* **DESCRIPTION OF THE TASK**:
Your reply should consist only of the lines from the one with "Hi everyone, I'm" through the end of the entries, transcribed exactly. Pictures stay out.
-*-
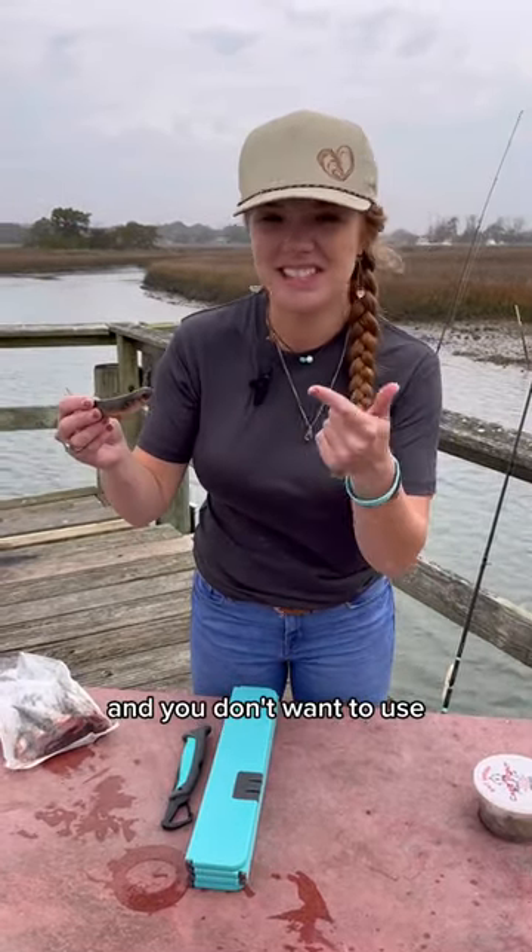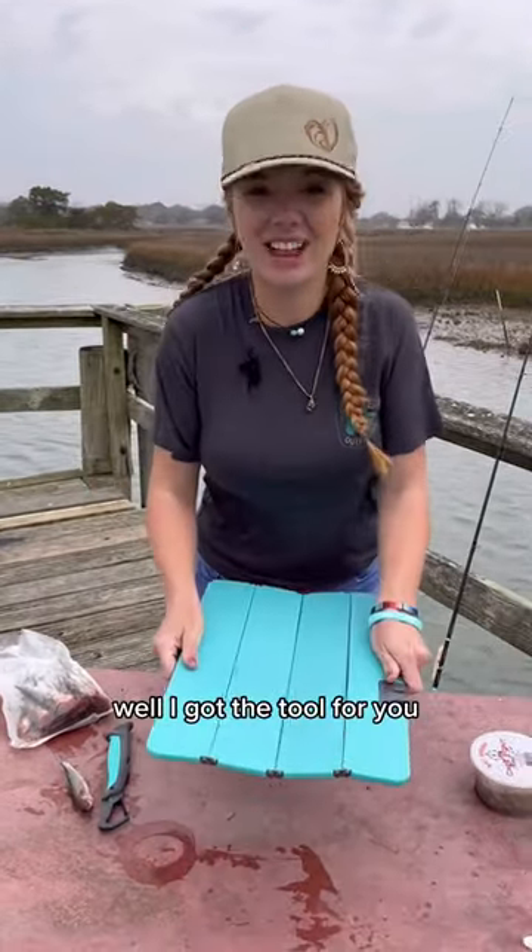Y'all ever be out here fishing and you don't want to use your teeth to cut your bait? Well, I got the tool for you.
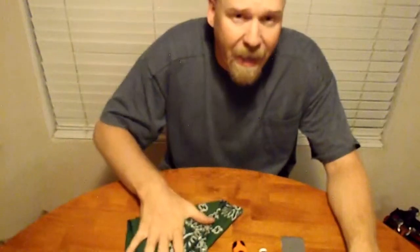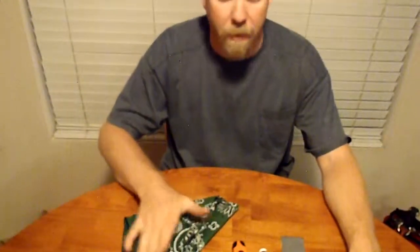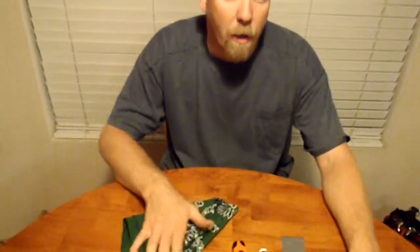Hi guys, Lou Maxon here, going over the last bits of my gear. A bandana is a multi-purpose item. I can make char cloth out of it if I cut it up. It's a head covering because I'm mostly bald. It'll suck up small amounts of water.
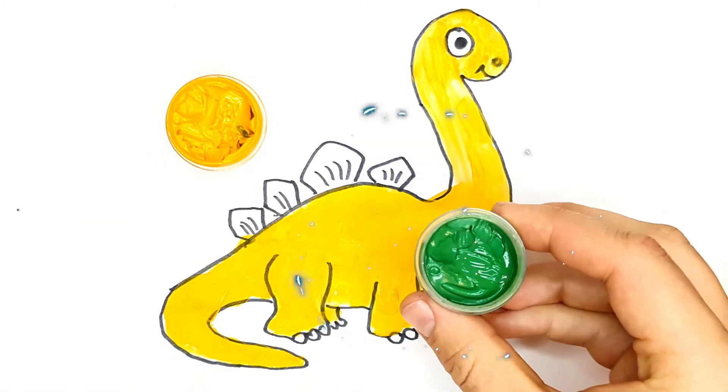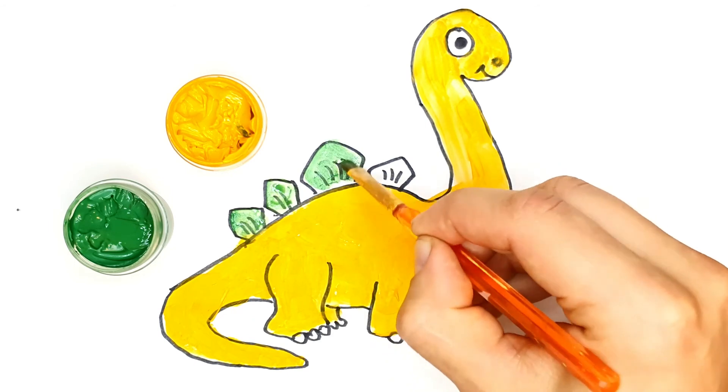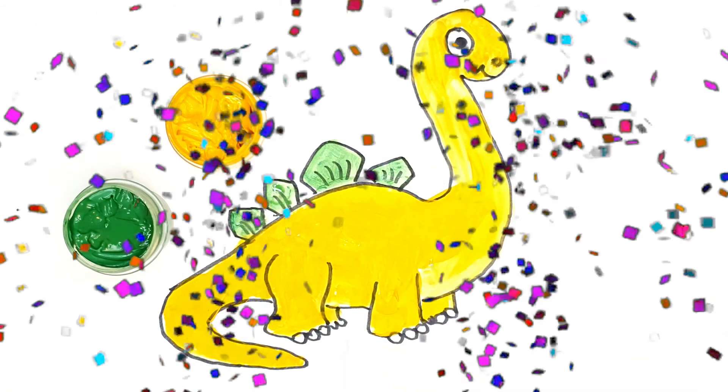Tick, tock, tick, tock. Hickory, tickory dog.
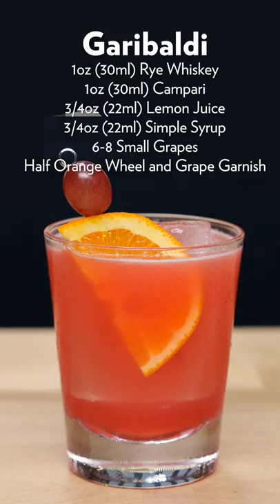It's nicely balanced — you get the Campari right up front, and a lot of that grape on the back end. It's not immediately apparent, but the grape kind of builds on your palate as you swallow. The rye whiskey is not completely lost in there at all. So there it is, the Garibaldi cocktail.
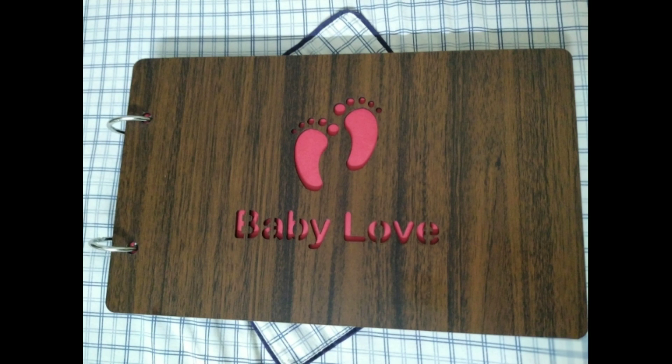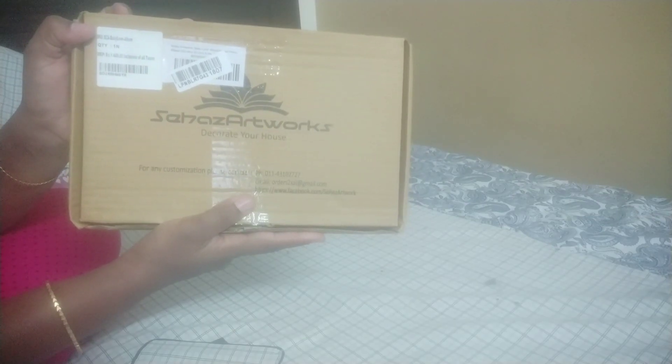Hi Friends! Welcome to Vanity Diaries! I am going to show you a new type of album. This is a scrapbook album. I am going to show you an amazing album and some artwork.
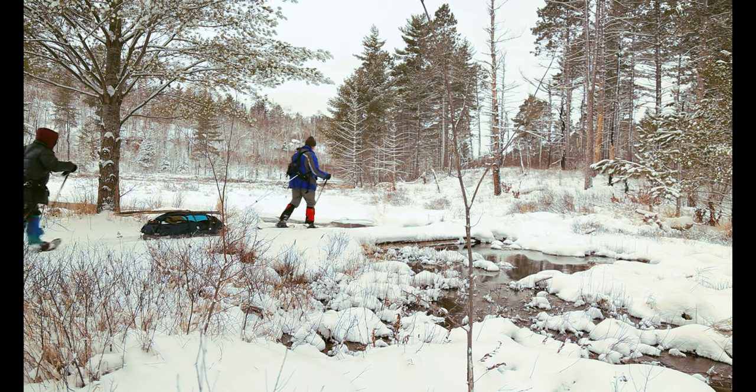One of the bigger challenges to winter hiking is keeping your feet warm and comfortable, especially if you're out in those cold temperatures for a prolonged period of time. Proper winter footwear is essential. But there's another challenge you may not be considering, and that is foot sweat. Believe it or not, your feet are the second sweatiest part of your body after your armpits. This means your feet produce a considerable amount of moisture over the course of a winter hike, especially if you're working hard.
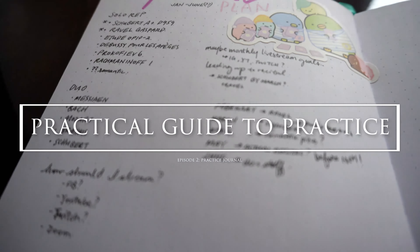Hi everyone, I'm Linda and today we're going to talk about practice journals — what it is, what goes in it, and how we can use it.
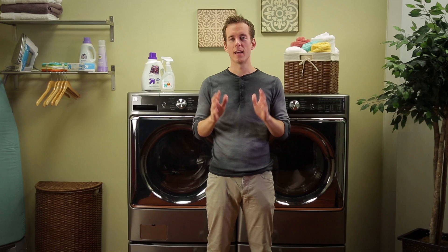On behalf of the Kenmore brand, I'd like to say thank you for your most recent purchase. As you get started, we'd like to offer you some tips on how to load your Kenmore Elite front load washer. The more you know, the happier you'll be with the way your washer cleans your clothes, and we want you happy.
-*-
* **ANSWER AREA**:
Hi everyone, I'm Linda and today we're going to talk about practice journals — what it is, what goes in it, and how we can use it.
On behalf of the Kenmore brand, I'd like to say thank you for your most recent purchase. As you get started, we'd like to offer you some tips on how to load your Kenmore Elite front load washer. The more you know, the happier you'll be with the way your washer cleans your clothes, and we want you happy.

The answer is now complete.